Amy Fischer, Americas advocacy director at Amnesty International USA, also criticized both the US and Mexico for their treatment of asylum seekers.
“It is unconscionable that these people who seek safety in Mexico are locked up in detention centers in brutal conditions and are denied asylum in the United States,” she said in an interview. “It’s just a mountain of countries failing to protect people who have a right to be protected.”
‘Asylum ban’
Since taking office, US President Joe Biden’s administration has faced political pressure, particularly from Republican lawmakers, to deter asylum seekers from illegally crossing the US border amid an increase in arrivals.
While Biden campaigned against the strict immigration policies of his predecessor, Donald Trump, he pursued a policy of deterrence at the border. In June 2021, U.S. Vice President Kamala Harris, in a message to would-be migrants from Central America, said, “Don’t come.”
In recent months, the White House has announced a series of measures that would facilitate the return of migrants, including an agreement with Mexico to return as many as 30,000 people per month from Venezuela, Haiti, Nicaragua and Cuba.
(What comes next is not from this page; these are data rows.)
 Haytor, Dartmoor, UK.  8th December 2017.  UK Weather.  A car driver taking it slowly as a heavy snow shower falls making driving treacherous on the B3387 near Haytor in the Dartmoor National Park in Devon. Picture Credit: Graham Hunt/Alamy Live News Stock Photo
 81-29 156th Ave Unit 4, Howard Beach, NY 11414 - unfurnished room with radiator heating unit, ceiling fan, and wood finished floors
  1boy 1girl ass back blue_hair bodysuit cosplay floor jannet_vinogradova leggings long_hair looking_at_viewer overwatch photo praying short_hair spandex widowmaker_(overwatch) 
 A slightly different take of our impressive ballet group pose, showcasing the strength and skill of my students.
At the same time, Washington said it would allow as many as 30,000 people from those countries into the US each month.
The agreement with Mexico expanded what is known as Title 42, a widely criticized pandemic-era restriction introduced in March 2020 that allows U.S. border authorities to quickly deport most asylum seekers arriving at the border.
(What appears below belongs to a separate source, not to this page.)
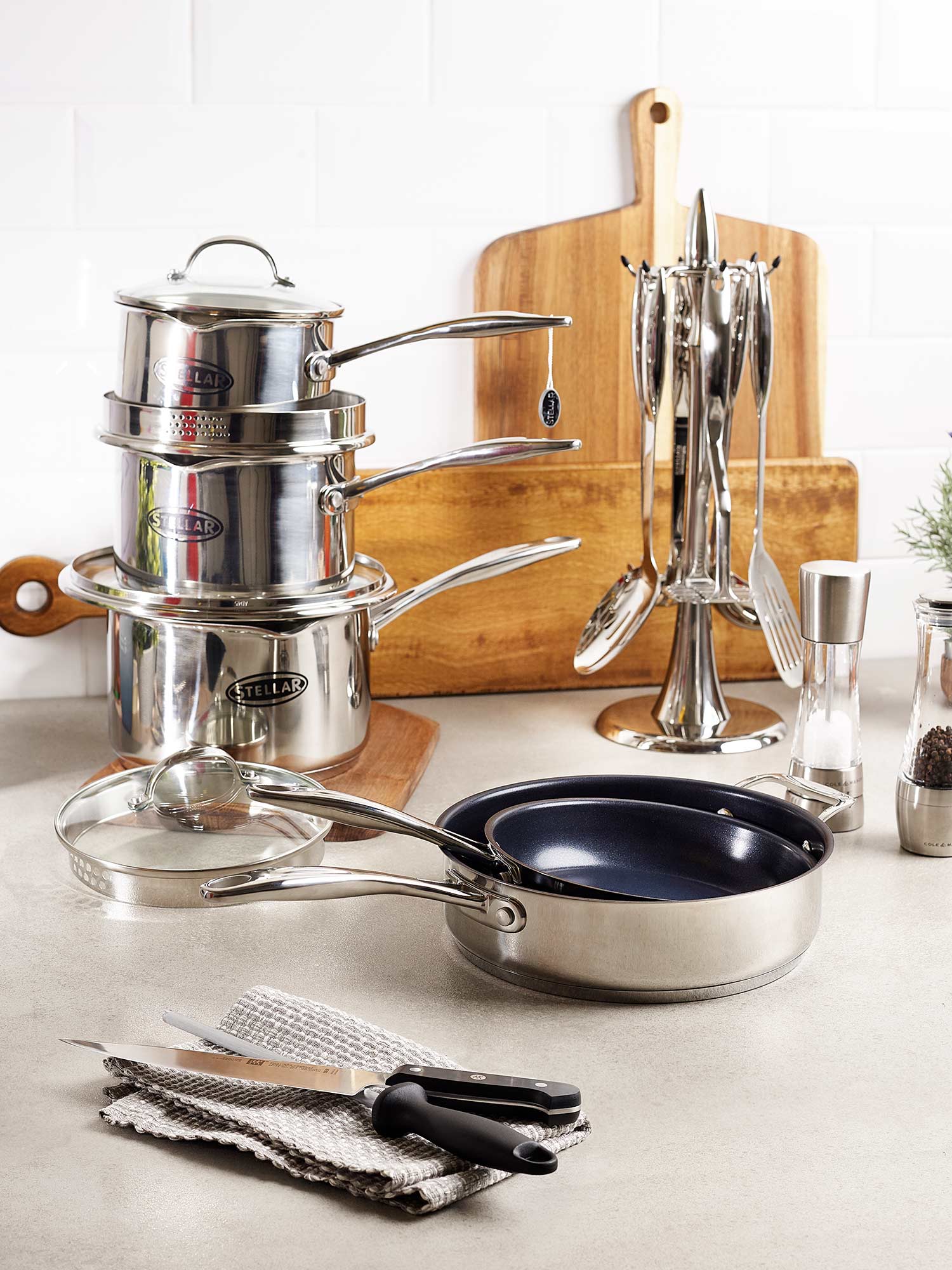 A set of stainless steel cookware, cutlery, and utensils on a kitchen counter with a wooden cutting board in the background.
In February, Washington also proposed a new rule, dubbed by critics an “asylum ban,” that would allow US authorities to return migrants crossing the US border irregularly if they had not sought protection in countries they had previously been banned from. their journey had crossed.
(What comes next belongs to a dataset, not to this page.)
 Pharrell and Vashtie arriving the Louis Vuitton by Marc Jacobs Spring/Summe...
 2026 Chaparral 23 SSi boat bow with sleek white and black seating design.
The proposal, which would apply practically to all migrants traveling through Mexico to reach the US border, is expected to go into effect in May when Title 42 expires.
Laurie Ball Cooper, director of legal services for the International Refugee Assistance Project (IRAP) advocacy group, said the fire in Ciudad Juarez is “another heartbreaking tragedy” due to border policies that fail to recognize the human rights of people seeking refuge.
“That it happened just meters from the US border underscores the need for the Biden administration to restore the US asylum system rather than pushing migrants back into unsafe conditions in Mexico,” Cooper said in an email to Al Jazeera.
Political issue
The Department of Homeland Security, which oversees US asylum and border systems, did not immediately respond to Al Jazeera’s request for comment.
US officials have said the Biden administration’s measures are in response to a spike in irregular arrivals at the border, noting that Washington has expanded legal avenues for immigration. They also say they want to protect asylum seekers from dangerous crossings and human trafficking.
Migration remains a hot-button political issue in the US. With a record number of new arrivals at the southern border in the past two years, Republicans often accuse Biden of pursuing an “open borders agenda” and allowing criminals and deadly illicit drugs to enter the country.
However, US border policy did not change dramatically under the Democratic president, who was criticized by progressives for being too restrictive.
“Forbidding people to apply for asylum is a deadly decision. It will endanger vulnerable people again. The Biden [administration] must have policies in place to ensure that all migrants arriving at the southern border have access to asylum,” Congresswoman Chuy Garcia wrote on Twitter last week.
In light of the deaths in Ciudad Juarez, Fischer of Amnesty International USA stressed that border restrictions do not prevent people from seeking protection.
“What’s happening is people are being forced to make increasingly risky choices to find their way to safety,” she told Al Jazeera.
“As long as the US continues to invest in these brutal policies and policies of exclusion, I think we can expect more tragedies like the ones we saw overnight.”